必要なタイミングでサービスを有効化し、必要がなくなったら停止することで課金を停止できるため、最低限のコストでスモールスタートが実現するでしょう。
また、サービスの開始から129回以上にわたり、継続的な値下げを行っています。サービスの提供開始から速いスピードで規模を拡大し、サーバの調達コストや維持コストの削減、さらには利用料金の値下げに繋がっています。
ビジネスチャンスを逃さないシステム構築
従来のITインフラの構築には、納品まで時間のかかる複雑な工程で、なおかつ多額の初期費用が必要でした。さらに、納品後のエンジニアによる各種設定で多くの時間が必要になるため、構築開始から1ヶ月以上かかることも珍しくありません。
AWSでは、ワンクリックで新しいインフラを構築できる仕組みを提供しています。そのため、管理者画面やAPI経由の操作によって、初期費用をかけずに数分でITインフラを構築可能です。
ビジネスチャンスを逃さず、必要な時に必要なリソースを調達できる仕組みを実現しています。
サイジングからの解放
サイジングとは、運用するサービスやシステムに合わせてリソースを準備しておくことです。
従来であれば、ITシステムの設計においてユーザー数や利用状況を予測し、変動するITリソースを確保する必要がありました。しかし、サイジングにはかなりの労力が必要であり、設計における負担を増やしてしまう可能性があります。
AWSでは、必要な時に数クリック、数分でサーバー台数を変更したり、稼働中のサーバーにおけるCPU・メモリ・ストレージのサイズを変更したりできます。
さらに、日中と夜間、平日と週末などで稼働状況を変更できるため、最低限の維持コストでITリソースの調達が実現するでしょう。
グローバル展開のスムーズさ
通常であれば、システムをグローバル展開するためには、現地の視察や現地のデータセンターとの契約など、時間のかかる工程が必要でした。
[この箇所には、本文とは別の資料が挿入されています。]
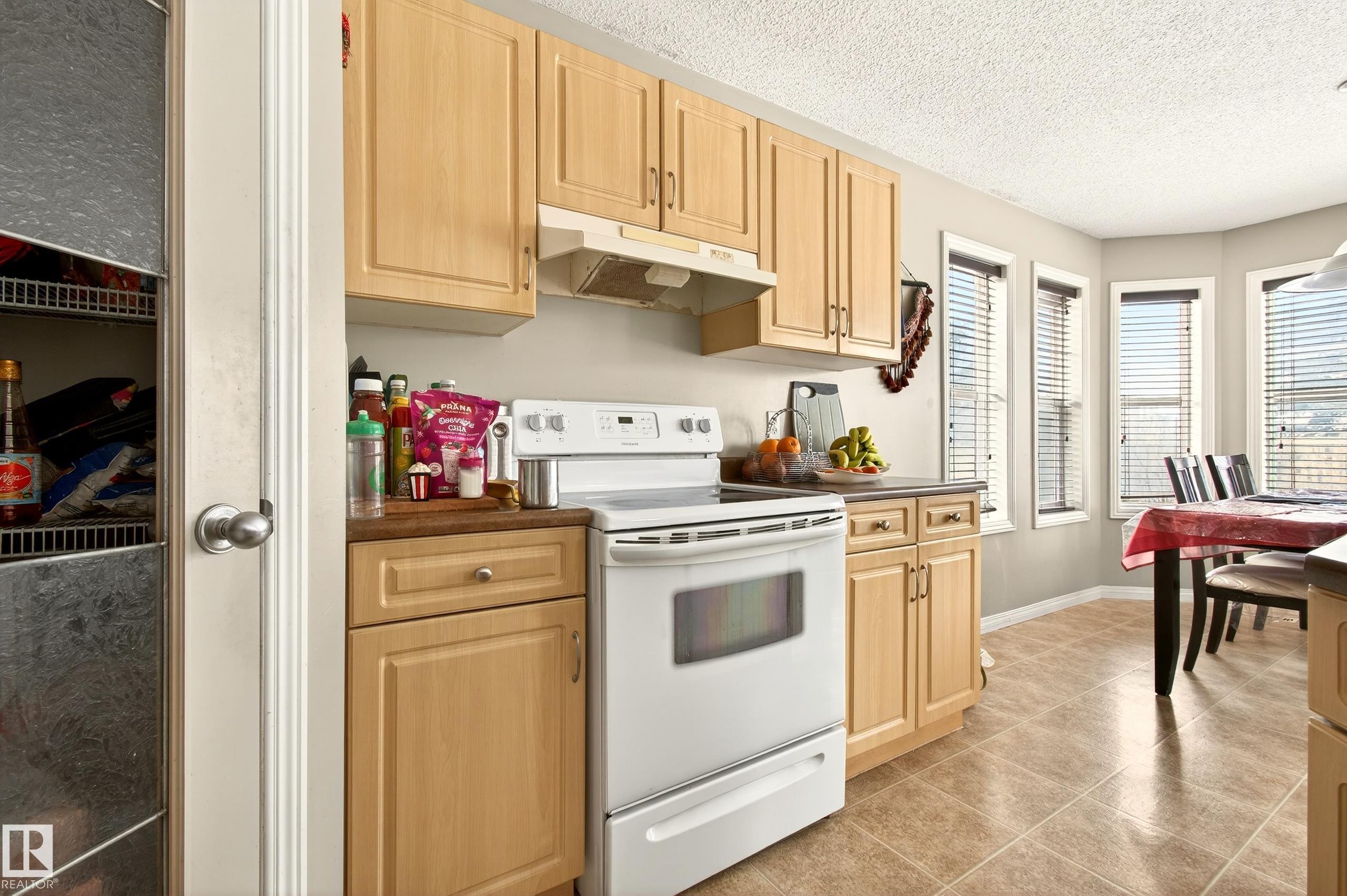 Photo 13 at 8922 5av SW, Ellerslie, Edmonton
AWSでは、わずか数分でグローバル展開に向けたシステムの構築が可能です。
2022年時点で、AWSは世界に30のリージョン、96のAZを展開しています。
リージョンとは、AWSセンターのデータゾーンであり、アベイラビリティーゾーン(AZ) と呼ばれる複数のデータセンター群で構成されています。
AZの構成はさらに細かなデータセンターが集結しているため、アカウントの開設時点で世界中のデータセンターに展開できることが特徴です。
いつでも最先端のテクノロジーを利用可能
AWSでは、200を超えるサービスを提供しており、常にバージョンアップを繰り返して最適化されています。そのため、利用者は国境を問わず、いつでも最新のサービスを体験できることが特徴です。
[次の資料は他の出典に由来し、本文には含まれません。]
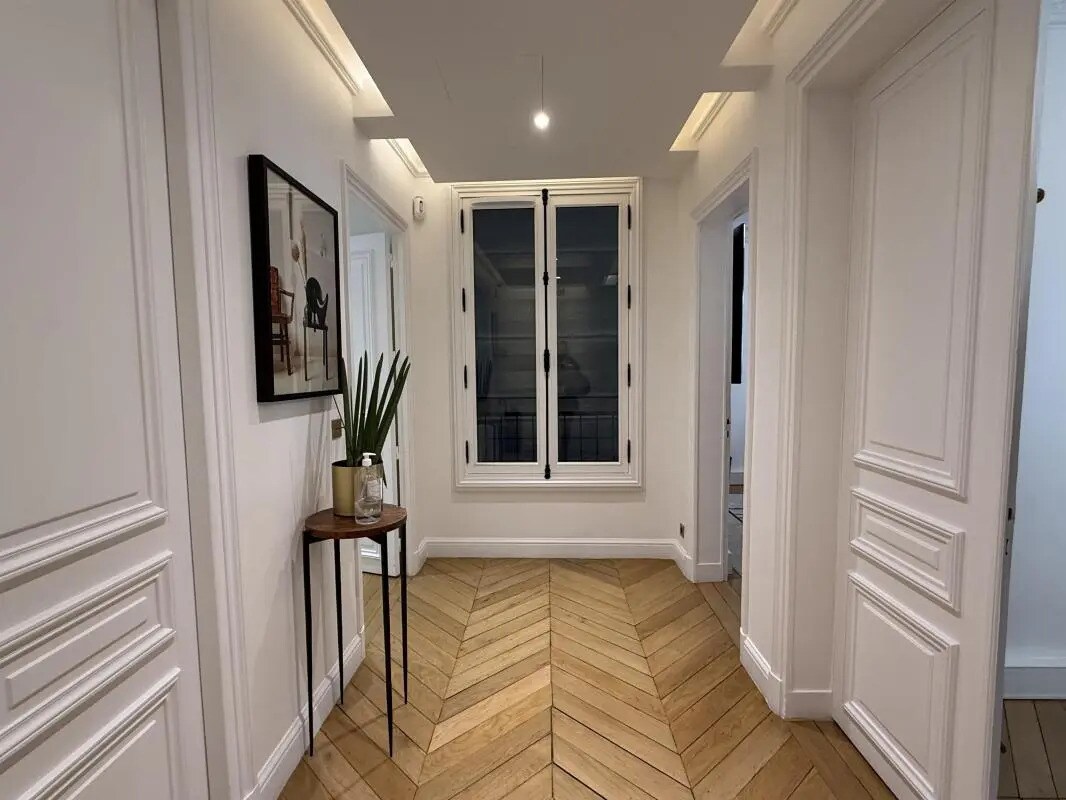 Office in Paris for lease Building Photo- Image 1 of 10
また、豊富なサービスにより、AWSのみでコンポーネントの構築を実現できます。従来のようにサードベンダーとの打ち合わせを繰り返さなくて良いため、ビジネスをより加速させられるでしょう。
高いセキュリティの確保
AWSでは、リリース当初よりセキュリティを最優先事項として、サービスを提供しています。セキュリティ機能の実装、コンプライアンス要件への対応に加え、第三者機関による検証によって高いセキュリティを確保していることが特徴です。
セキュリティインシデントによる365日間の監視により、万が一の場合でも即座に対応できる仕組みとなっています。
AWSの代表的なサービス4選
前述にて、AWSには200を超えるサービスがあると述べました。
ここでは、代表的なサービスとして次の4つを紹介します。
- Amazon EC2
- Amazon S3
- Amazon RDS
- AWS Lambda
それぞれについて、サービス内容を解説していきます。
Amazon EC2
Amazon EC2とは、仮想サーバーの構築サービスです。利用することで、クラウド上にOSを乗せた仮想環境を構築できます。
システム構築にかかる時間を短縮し、数分でEC2上にインスタンスを立ち上げられることが特徴です。
また、サーバーをローカルで作成する場合、サーバーの設定に加えてネットワーク設定が必要になりますが、EC2では仮想ネットワークの構築サービスが提供されているため、簡単にサーバーを冗長化できます。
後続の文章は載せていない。